Carolyn Tate:     Sorry. I was just going to share something with you around my own highest purpose. My highest purpose is to write books that really matter. I never had the courage to call myself an author or to own that purpose and to say that I am here to write books that truly matter. Now my next book isn’t a business book. I’ve already got it in my head, it’s going to be a novel. I’ve got the theme going and the characters and it’s already in my head. I know that writing books is actually my highest purpose and it’s the thing that when I’m doing it, I don’t think I should be doing something else. I’m writing and it just feels like there’s nothing else that I need to do. If I was told tomorrow that I couldn’t write anymore books, that I couldn’t write full stop, I wouldn’t want to tell you the ramifications of that.

I think it’s a rare person that can get to that point where they just know they have work to do without any guarantee of success. I do not know how this new book is going to be received. I have no idea but even if it’s not well received, I still know that I’m going to write my next book. That’s taken me seven years of explorations. I will have written five books in ten years. I don’t say that to brag. I’m saying that to show that when you keep showing up and having to do that thing, and do that thing, and do that thing regardless of what other people think, just putting your heart out into the world as you know Kylie, is the most … It takes your breath away. It’s so fear inducing. Like last night I came home from Queensland and I went to bed and I was just gripped in this panic of fear like my whole body was gripped with fear about the fact that I’m about to
release this book.

I think that that’s a good thing. I’m not judging that it’s good or it’s bad, it just shows that I’m human and I’m still pushing forward to do this work despite the incredible fear that I was feeling. And so that’s what we’re trying to aim towards, I think.

Kylie Lewis:      It’s the courage to show up when there is no certainty and that’s the very definition of vulnerability. Part of the reason why we operate from fear is because we’re afraid of being vulnerable because we’re afraid of putting ourselves out there and the judgement and the rejection and all of those things that come with the idea of seeing vulnerability as a weakness rather than it being seen as that greatest measure of courage. When you are deeply uncomfortable, like you mentioned, the waking up in the middle of the night going, “What the hell am I doing? [inaudible 00:41:43].” That’s the sign that we need to say this is important work to us. It’s looking for those cues in our lives that says, “I can’t but help do this.” You know?

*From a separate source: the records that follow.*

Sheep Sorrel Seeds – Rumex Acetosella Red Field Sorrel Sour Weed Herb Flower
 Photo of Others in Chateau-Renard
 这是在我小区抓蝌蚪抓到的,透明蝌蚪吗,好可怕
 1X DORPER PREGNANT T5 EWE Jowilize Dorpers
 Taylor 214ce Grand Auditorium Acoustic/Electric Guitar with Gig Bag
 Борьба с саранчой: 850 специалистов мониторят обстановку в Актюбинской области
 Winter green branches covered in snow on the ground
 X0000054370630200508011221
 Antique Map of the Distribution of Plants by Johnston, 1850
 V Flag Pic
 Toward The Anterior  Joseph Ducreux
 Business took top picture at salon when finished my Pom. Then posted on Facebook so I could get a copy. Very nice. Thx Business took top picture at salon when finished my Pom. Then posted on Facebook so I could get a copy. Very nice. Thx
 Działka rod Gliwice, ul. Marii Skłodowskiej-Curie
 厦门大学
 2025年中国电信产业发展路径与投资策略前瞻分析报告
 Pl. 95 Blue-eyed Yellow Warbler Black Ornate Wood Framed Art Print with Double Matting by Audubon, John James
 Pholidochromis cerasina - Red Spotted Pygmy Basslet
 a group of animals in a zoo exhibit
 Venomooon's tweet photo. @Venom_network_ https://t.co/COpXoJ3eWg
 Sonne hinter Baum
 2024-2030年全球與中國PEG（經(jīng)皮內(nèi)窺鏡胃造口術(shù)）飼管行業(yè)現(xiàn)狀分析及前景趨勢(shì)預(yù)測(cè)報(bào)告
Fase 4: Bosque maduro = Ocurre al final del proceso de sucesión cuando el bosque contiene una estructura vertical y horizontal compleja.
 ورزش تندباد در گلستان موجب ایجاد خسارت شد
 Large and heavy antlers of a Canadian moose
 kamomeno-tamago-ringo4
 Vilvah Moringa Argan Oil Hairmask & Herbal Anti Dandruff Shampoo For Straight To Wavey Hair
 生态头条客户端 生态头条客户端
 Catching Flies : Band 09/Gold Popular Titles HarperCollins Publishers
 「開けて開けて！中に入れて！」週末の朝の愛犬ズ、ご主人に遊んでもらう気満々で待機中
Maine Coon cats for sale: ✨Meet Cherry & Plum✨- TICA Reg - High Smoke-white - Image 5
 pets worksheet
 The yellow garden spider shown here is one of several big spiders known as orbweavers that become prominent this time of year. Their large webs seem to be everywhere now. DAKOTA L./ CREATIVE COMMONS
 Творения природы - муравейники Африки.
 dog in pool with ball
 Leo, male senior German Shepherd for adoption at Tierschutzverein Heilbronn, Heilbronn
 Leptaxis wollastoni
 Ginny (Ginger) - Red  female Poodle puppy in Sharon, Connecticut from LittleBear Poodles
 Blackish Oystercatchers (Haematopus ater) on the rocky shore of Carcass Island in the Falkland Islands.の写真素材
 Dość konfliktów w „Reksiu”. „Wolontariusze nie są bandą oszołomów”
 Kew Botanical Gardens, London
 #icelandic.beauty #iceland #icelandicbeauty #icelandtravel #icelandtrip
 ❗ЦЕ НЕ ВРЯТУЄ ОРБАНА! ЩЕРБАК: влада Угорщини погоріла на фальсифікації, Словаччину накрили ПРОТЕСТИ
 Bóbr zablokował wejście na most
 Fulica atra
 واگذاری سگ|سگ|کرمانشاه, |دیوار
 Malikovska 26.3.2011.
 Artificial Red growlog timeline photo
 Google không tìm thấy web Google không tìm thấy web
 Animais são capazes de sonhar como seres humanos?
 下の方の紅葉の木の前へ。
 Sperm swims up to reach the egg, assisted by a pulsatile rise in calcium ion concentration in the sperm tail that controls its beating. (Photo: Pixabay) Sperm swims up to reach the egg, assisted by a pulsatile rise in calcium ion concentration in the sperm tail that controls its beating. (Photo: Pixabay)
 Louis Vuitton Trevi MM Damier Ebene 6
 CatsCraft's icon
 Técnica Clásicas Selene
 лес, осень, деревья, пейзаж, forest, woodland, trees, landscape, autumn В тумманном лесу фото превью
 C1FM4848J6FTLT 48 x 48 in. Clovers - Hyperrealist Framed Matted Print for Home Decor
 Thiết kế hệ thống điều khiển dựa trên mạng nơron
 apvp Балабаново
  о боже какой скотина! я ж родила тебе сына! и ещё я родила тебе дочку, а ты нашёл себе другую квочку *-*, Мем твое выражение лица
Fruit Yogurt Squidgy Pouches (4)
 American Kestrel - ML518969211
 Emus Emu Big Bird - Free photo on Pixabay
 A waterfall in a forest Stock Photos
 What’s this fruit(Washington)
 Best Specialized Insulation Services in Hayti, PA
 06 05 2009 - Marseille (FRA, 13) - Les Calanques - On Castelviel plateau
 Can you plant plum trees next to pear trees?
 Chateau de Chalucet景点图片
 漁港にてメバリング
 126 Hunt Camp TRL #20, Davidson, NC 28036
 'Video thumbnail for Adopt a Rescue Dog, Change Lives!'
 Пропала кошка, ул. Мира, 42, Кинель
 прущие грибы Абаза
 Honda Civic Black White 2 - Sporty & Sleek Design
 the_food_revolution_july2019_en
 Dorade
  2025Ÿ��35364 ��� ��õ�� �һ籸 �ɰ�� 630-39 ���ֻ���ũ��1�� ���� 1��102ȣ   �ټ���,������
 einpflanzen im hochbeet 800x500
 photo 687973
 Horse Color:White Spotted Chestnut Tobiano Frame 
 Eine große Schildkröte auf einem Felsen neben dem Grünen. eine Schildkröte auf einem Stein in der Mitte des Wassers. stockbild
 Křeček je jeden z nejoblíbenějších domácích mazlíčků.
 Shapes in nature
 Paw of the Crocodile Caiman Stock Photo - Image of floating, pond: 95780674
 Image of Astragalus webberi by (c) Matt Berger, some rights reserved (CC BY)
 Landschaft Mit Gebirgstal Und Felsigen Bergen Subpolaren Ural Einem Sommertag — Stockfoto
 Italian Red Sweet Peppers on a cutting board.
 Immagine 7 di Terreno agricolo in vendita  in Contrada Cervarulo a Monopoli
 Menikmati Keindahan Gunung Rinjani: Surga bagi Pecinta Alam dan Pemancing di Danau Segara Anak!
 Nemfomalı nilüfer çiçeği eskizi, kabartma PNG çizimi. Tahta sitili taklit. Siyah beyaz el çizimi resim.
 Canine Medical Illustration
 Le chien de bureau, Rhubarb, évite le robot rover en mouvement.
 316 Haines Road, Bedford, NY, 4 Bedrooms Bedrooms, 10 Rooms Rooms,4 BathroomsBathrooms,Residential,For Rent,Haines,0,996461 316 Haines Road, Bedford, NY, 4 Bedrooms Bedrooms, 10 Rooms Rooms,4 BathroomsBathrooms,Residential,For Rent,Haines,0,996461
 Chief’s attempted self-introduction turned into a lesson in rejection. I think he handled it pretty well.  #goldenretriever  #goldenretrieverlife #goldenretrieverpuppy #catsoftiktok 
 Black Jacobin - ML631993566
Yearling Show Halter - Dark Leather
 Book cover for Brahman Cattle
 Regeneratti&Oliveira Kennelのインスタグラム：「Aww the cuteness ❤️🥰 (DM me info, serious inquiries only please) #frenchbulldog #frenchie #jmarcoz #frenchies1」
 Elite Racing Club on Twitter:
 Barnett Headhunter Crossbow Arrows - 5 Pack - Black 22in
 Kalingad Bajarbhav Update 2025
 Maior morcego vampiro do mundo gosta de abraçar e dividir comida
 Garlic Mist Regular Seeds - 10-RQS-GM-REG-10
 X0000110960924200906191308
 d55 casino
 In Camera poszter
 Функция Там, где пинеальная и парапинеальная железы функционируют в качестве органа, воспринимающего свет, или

Carolyn Tate:      Yes. Beautiful.

Kylie Lewis:      I was at a conference on the weekend with a bunch of creatives and they were talking about, “I don’t really have a choice in whether or not I do this, it’s just what I’m drawn to be in the world.” We often hide in fear of what that might look like if we dared to show up like that because it’s vulnerable and it’s uncertain. The question that I was actually wanting to ask you which led into this conversation was, what’s the cost of not doing that?

Carolyn Tate:      Well, the cost of not doing it is that we live an unfulfilled life. The book that Bronnie Ware wrote it’s called The Top Five Regrets of the Dying. She interviewed many, many people in their last days before they were dying and she asked them what their biggest regrets were and the number one regret was not living a life true to myself and living the life that others had dictated for me. Something to those words. Not having the courage to live a life true to myself. I think that that is a really, really interesting carriage to live the life true to ourselves.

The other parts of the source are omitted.